[[ Records provided open ]]
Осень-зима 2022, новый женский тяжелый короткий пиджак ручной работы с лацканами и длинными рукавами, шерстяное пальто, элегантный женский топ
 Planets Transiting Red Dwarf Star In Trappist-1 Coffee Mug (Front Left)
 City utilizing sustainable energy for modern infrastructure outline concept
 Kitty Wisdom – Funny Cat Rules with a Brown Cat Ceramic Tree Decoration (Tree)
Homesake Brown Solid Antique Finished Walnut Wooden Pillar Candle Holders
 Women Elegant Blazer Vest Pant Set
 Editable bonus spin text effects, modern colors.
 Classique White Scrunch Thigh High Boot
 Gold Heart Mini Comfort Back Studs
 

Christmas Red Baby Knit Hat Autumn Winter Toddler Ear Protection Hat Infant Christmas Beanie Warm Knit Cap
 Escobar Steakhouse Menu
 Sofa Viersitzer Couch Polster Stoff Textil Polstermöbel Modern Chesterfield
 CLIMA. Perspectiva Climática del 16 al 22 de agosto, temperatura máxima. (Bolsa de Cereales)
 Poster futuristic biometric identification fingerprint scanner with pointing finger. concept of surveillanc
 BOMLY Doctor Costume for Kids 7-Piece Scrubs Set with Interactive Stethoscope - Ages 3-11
[[ Records provided closed ]]
Whenever a line in the material above holds the string "with", copy that line in full.

** Solution for this problem **
 Kitty Wisdom – Funny Cat Rules with a Brown Cat Ceramic Tree Decoration (Tree)
 Poster futuristic biometric identification fingerprint scanner with pointing finger. concept of surveillanc
 BOMLY Doctor Costume for Kids 7-Piece Scrubs Set with Interactive Stethoscope - Ages 3-11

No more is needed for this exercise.